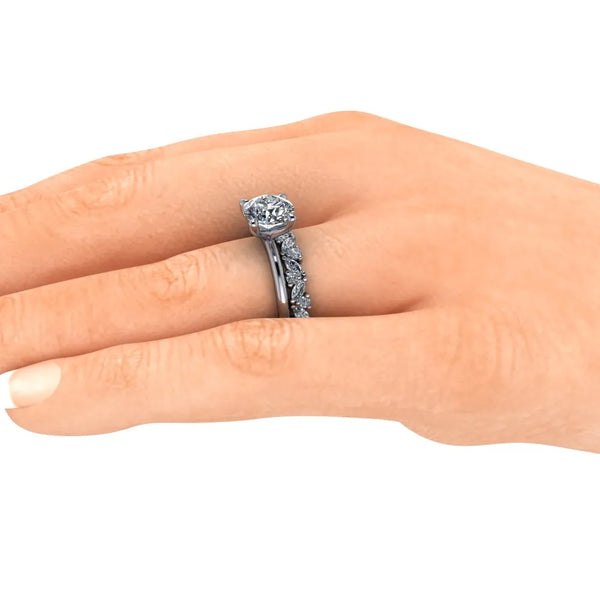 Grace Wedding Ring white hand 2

==

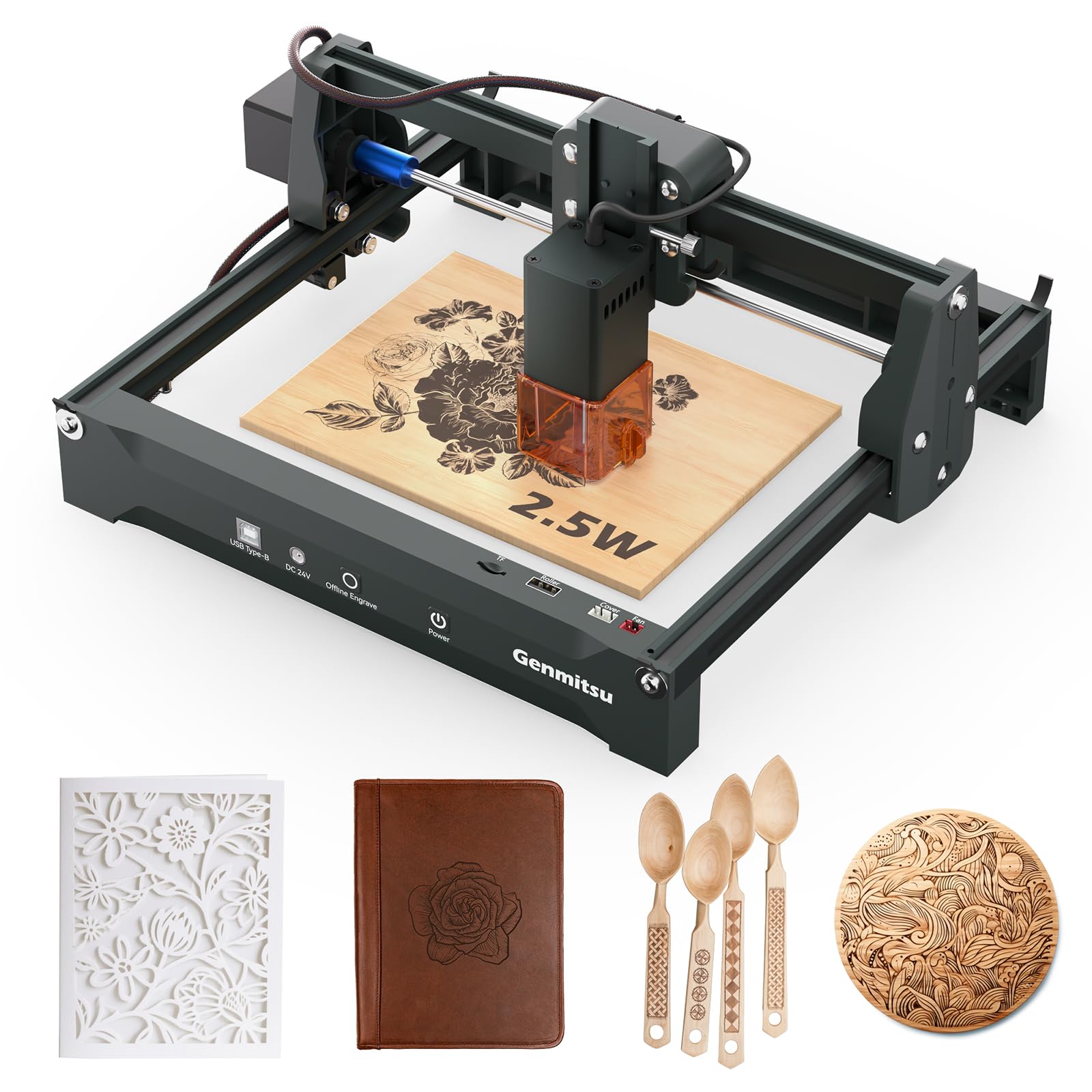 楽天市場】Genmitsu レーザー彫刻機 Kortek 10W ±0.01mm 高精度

* * *

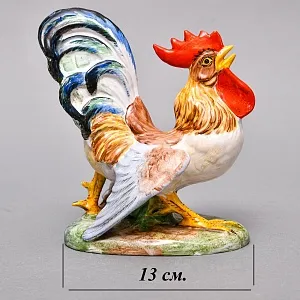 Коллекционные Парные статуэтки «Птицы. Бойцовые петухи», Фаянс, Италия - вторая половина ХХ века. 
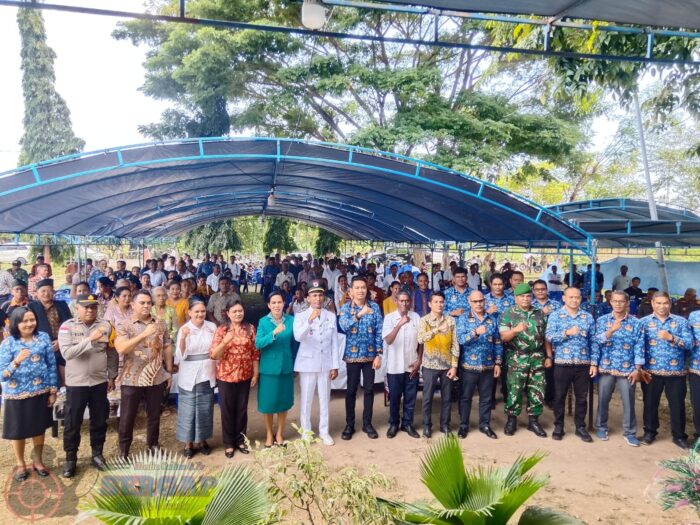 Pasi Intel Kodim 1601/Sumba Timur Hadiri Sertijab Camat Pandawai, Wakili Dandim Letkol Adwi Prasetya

### PROMPT:
Leaving out each picture, repeat exactly the lines above from the one that contains "Коллекционные Парные статуэтки" through the one that contains "Pasi Intel Kodim".

### YOUR SOLUTION:
 Коллекционные Парные статуэтки «Птицы. Бойцовые петухи», Фаянс, Италия - вторая половина ХХ века. 
 Pasi Intel Kodim 1601/Sumba Timur Hadiri Sertijab Camat Pandawai, Wakili Dandim Letkol Adwi Prasetya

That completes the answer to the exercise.